» **Work required**:
In full and word for word, copy the records that follow.

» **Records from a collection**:
_ _ _ _

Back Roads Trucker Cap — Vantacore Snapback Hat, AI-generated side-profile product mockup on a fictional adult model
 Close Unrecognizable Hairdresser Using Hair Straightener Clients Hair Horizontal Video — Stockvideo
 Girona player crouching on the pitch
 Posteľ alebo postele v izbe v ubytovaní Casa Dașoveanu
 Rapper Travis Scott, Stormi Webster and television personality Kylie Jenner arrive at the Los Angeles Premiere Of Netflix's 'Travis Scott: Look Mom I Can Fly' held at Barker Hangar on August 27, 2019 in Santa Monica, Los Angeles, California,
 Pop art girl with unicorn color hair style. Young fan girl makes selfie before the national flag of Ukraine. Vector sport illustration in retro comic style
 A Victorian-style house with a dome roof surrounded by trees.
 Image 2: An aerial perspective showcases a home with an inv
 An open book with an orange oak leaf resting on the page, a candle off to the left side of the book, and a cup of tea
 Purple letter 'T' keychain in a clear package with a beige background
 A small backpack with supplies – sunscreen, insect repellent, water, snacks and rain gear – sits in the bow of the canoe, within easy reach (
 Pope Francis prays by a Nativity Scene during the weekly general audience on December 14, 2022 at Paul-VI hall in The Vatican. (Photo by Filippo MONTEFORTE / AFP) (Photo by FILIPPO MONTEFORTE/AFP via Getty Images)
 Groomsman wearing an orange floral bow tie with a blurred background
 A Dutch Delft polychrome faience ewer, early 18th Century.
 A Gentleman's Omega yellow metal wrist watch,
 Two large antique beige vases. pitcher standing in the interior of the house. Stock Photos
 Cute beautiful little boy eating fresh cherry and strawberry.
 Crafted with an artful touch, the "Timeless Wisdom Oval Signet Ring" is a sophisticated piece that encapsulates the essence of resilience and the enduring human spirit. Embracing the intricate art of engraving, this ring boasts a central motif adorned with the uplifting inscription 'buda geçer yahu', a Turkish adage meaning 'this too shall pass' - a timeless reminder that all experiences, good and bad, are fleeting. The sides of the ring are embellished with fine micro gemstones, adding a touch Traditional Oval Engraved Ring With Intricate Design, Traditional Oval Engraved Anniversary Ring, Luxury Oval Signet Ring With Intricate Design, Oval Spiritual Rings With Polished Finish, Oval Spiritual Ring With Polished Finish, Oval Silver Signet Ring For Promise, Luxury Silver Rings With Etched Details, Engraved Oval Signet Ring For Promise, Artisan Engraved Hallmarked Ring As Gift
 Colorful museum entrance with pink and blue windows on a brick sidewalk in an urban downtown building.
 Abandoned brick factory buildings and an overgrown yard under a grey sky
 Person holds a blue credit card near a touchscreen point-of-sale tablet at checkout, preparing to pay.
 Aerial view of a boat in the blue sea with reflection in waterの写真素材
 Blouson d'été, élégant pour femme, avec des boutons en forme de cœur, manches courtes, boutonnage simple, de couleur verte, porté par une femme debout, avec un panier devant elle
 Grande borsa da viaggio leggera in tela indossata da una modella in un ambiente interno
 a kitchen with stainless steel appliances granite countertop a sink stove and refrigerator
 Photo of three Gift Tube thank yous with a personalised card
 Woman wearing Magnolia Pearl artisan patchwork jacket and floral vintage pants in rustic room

_ _ _ _

» **Response to the task**:
Back Roads Trucker Cap — Vantacore Snapback Hat, AI-generated side-profile product mockup on a fictional adult model
 Close Unrecognizable Hairdresser Using Hair Straightener Clients Hair Horizontal Video — Stockvideo
 Girona player crouching on the pitch
 Posteľ alebo postele v izbe v ubytovaní Casa Dașoveanu
 Rapper Travis Scott, Stormi Webster and television personality Kylie Jenner arrive at the Los Angeles Premiere Of Netflix's 'Travis Scott: Look Mom I Can Fly' held at Barker Hangar on August 27, 2019 in Santa Monica, Los Angeles, California,
 Pop art girl with unicorn color hair style. Young fan girl makes selfie before the national flag of Ukraine. Vector sport illustration in retro comic style
 A Victorian-style house with a dome roof surrounded by trees.
 Image 2: An aerial perspective showcases a home with an inv
 An open book with an orange oak leaf resting on the page, a candle off to the left side of the book, and a cup of tea
 Purple letter 'T' keychain in a clear package with a beige background
 A small backpack with supplies – sunscreen, insect repellent, water, snacks and rain gear – sits in the bow of the canoe, within easy reach (
 Pope Francis prays by a Nativity Scene during the weekly general audience on December 14, 2022 at Paul-VI hall in The Vatican. (Photo by Filippo MONTEFORTE / AFP) (Photo by FILIPPO MONTEFORTE/AFP via Getty Images)
 Groomsman wearing an orange floral bow tie with a blurred background
 A Dutch Delft polychrome faience ewer, early 18th Century.
 A Gentleman's Omega yellow metal wrist watch,
 Two large antique beige vases. pitcher standing in the interior of the house. Stock Photos
 Cute beautiful little boy eating fresh cherry and strawberry.
 Crafted with an artful touch, the "Timeless Wisdom Oval Signet Ring" is a sophisticated piece that encapsulates the essence of resilience and the enduring human spirit. Embracing the intricate art of engraving, this ring boasts a central motif adorned with the uplifting inscription 'buda geçer yahu', a Turkish adage meaning 'this too shall pass' - a timeless reminder that all experiences, good and bad, are fleeting. The sides of the ring are embellished with fine micro gemstones, adding a touch Traditional Oval Engraved Ring With Intricate Design, Traditional Oval Engraved Anniversary Ring, Luxury Oval Signet Ring With Intricate Design, Oval Spiritual Rings With Polished Finish, Oval Spiritual Ring With Polished Finish, Oval Silver Signet Ring For Promise, Luxury Silver Rings With Etched Details, Engraved Oval Signet Ring For Promise, Artisan Engraved Hallmarked Ring As Gift
 Colorful museum entrance with pink and blue windows on a brick sidewalk in an urban downtown building.
 Abandoned brick factory buildings and an overgrown yard under a grey sky
 Person holds a blue credit card near a touchscreen point-of-sale tablet at checkout, preparing to pay.
 Aerial view of a boat in the blue sea with reflection in waterの写真素材
 Blouson d'été, élégant pour femme, avec des boutons en forme de cœur, manches courtes, boutonnage simple, de couleur verte, porté par une femme debout, avec un panier devant elle
 Grande borsa da viaggio leggera in tela indossata da una modella in un ambiente interno
 a kitchen with stainless steel appliances granite countertop a sink stove and refrigerator
 Photo of three Gift Tube thank yous with a personalised card
 Woman wearing Magnolia Pearl artisan patchwork jacket and floral vintage pants in rustic room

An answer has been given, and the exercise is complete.